HALK İÇİN HAK SAVAŞI
HALK İÇİN HAK SAVAŞI
Başbakan Erdoğan’ın bugün yapması beklenen açıklamaya kilitlenen TEKEL işçisi, “Buradan hakkımızı almadan gidersek bu halk bize küser, çocuklarımıza hesap veremeyiz!” diyor.
Halkımız bize küser
Başbakan Erdoğan’ın bugün yapması beklenen açıklamaya kilitlenen TEKEL işçisinden son uyarı geldi: Sorun çözülmezse açlık grevine gideriz. Buradan hakkımızı almadan ayrılırsak, bu halk bize küser
Haber: Sümeyra YILMAZ
TEKEL işçileri, Başbakan Tayyip Erdoğan ile bugün yapılması planlanan görüşmede özlük haklarının verilmesini ve artık sonuç alınmasını istiyor. Özlük hakları yerine farklı bir formül üzerinde anlaşılması durumunda ise işçiler eylemlerine devam edeceklerini söyledi. Erdoğan ile Perşembe günü yapılan görüşmenin ardından Başbakan iki bakana talimat vererek bu hafta içinde tekrar görüşme yapılmasını istemişti. Kış şartlarında kurdukları barakalarda 49 gündür eylem yapan işçiler ise artık haklarının verilmesini istiyor.

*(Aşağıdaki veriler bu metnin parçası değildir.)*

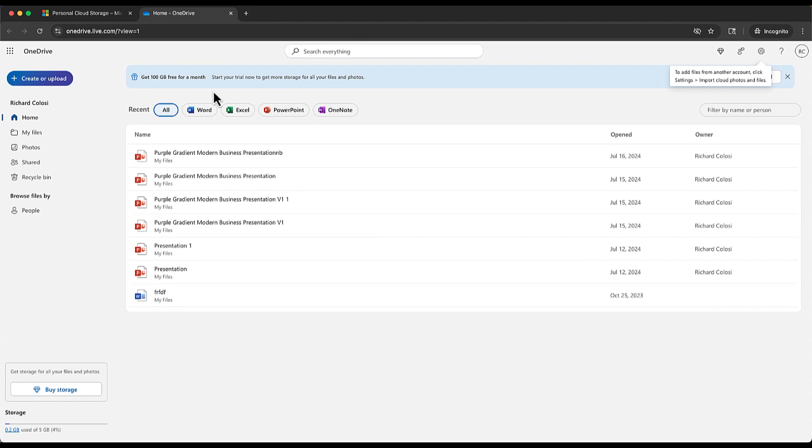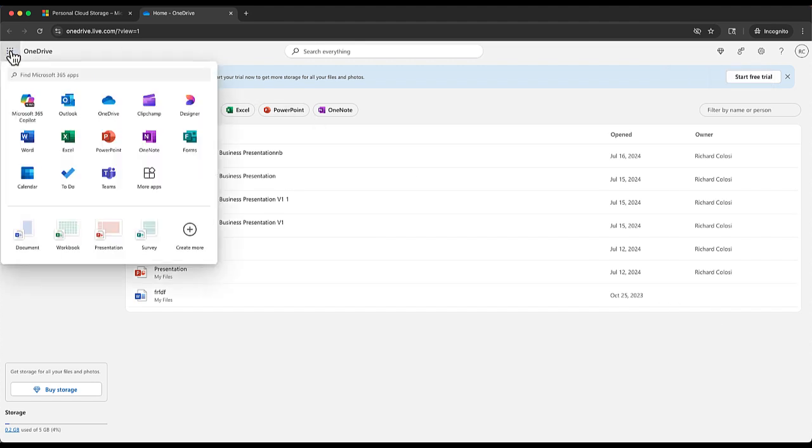But before we do, let's go to the program that we are going to use to edit. We're going to click these tiles in the top right hand side of the screen and we are going to choose this one, which is Clipchamp.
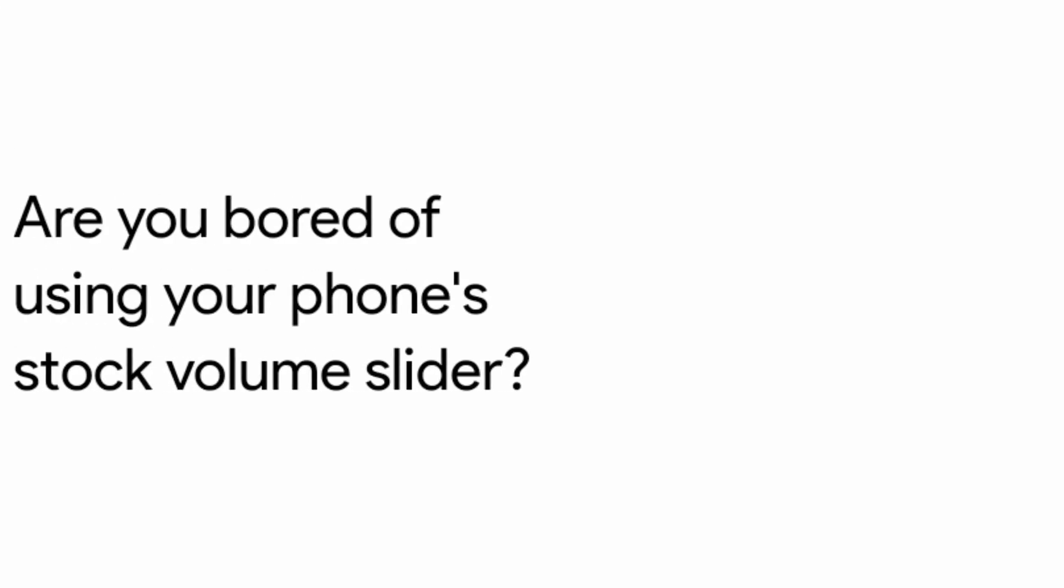Hi there and welcome to Excel Tech. Are you bored of using your phone's stock volume slider?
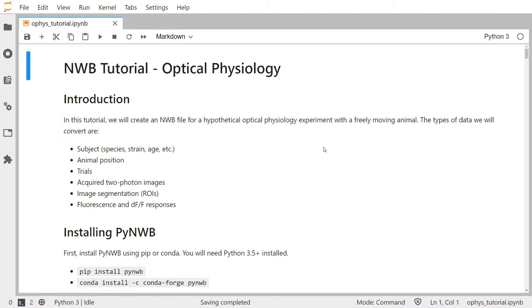In this file we will store information about the experimental subject such as the animal species, strain, and age, the animal's position over time, trial information, raw two-photon images, the results of image segmentation into ROIs, and the fluorescence or DF over F responses.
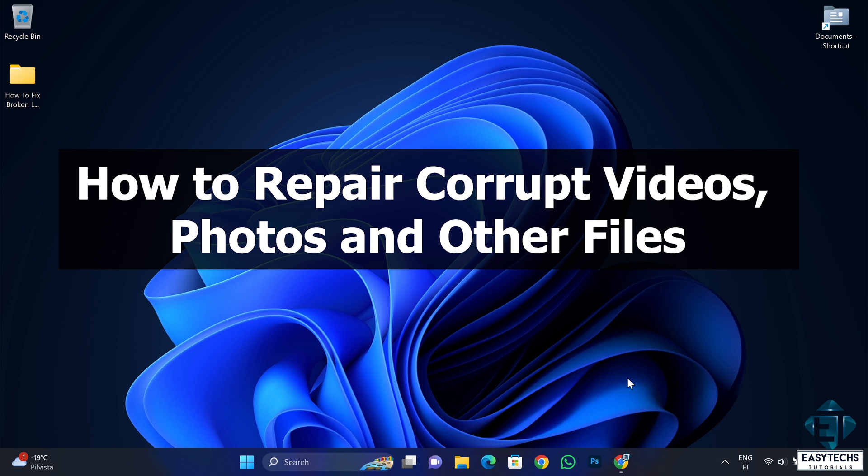Hi guys, this is Jude from EZTEX. In this tutorial, I'll be showing you a solution I found for fixing corrupt or damaged video files.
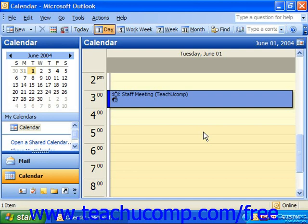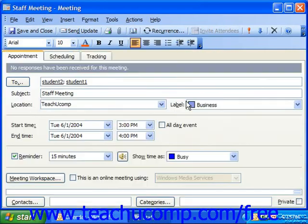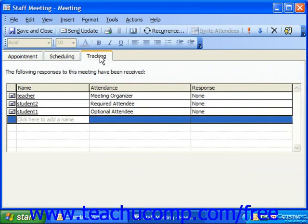You can go here to check the status of the attendees by double-clicking on the meeting in your calendar to display the meeting window. Click on Tracking to view the responses of the people that you've invited to the meeting.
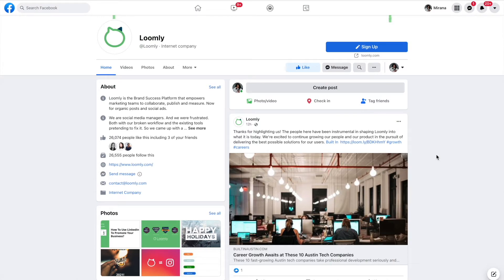Welcome to Loomly. In this video, you will learn how to build a successful brand for your nonprofit organization.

Bizi yıldırmaya çalıştılar
İşçilerin birçoğu hakları verilmeden bulunacak formüllere karşı olduklarını ve böyle bir durumda eylemlerine devam edeceklerini belirtti. Tek istediklerinin özlük hakları olduğunu belirten işçi Abdülkerim Başıbüyük, “Bizim masamızda 4-B, 4-C yok. Bizi bugüne kadar oyalayıp durdular, yıldırmaya çalıştılar. Biz 49 günür haklarımız için buradayız ve bu hakkımızı alacağız” diye konuştu. Başibüyük, sonuç alıncaya kadar eyleme devam edeceklerini belirterek şöyle dedi: “Buraya hiçbir AKPli gelmedi. Neden? Bunun cevabını istiyoruz. Buradakilerin çoğu onlara oy verdi. AKP milletvekilleri, halkın vekili midir yoksa Erdoğan’ın mı?”
3-5 kuruşla gönderemezler
Verdikleri ekmek mücadelesi ile halkın büyük desteğini aldıklarını ve haklarını almadan dönmeyeceklerini ifade eden bir başka işçi de, “Eğer hakkımızı almadan buradan gidersek, eğer bize üç beş kuruş verirler de göndermeye çalışırlarsa halk bize küser. Biz burada özlük haklarımız için mücadele verdik ve halkta bize güvendi. Örnek olduğumuzu söylediler. Eğer ekmek kavgamızdan vazgeçersek çocuklarımıza hesap veremeyiz. Eğer sorun çözülmezse açlık grevine tekrar başlayacağız” dedi.
İşçiler hastalanıyor
Öte yandan, Memleketlerinden ve ailelerinden gelen haberlerle moralleri biraz bozulsa da TEKEL işçileri sonuna kadar direnişlerini sürdüreceklerini belirtiyor. Eylem sırasında rahatsızlanan işçi sayısı gün geçtikçe artıyor. Günde 250-300 işçi revirde tedavi görüyor.
Ankara’da kar ve soğuğa rağmen 49 gündür eylemlerini sürdüren TEKEL işçileri, “Bugünkü
görüşmelerden sonuç alınamazsa açlık grevine yeniden başlarız. Gerekirse ölüm orucuna gideriz” dedi.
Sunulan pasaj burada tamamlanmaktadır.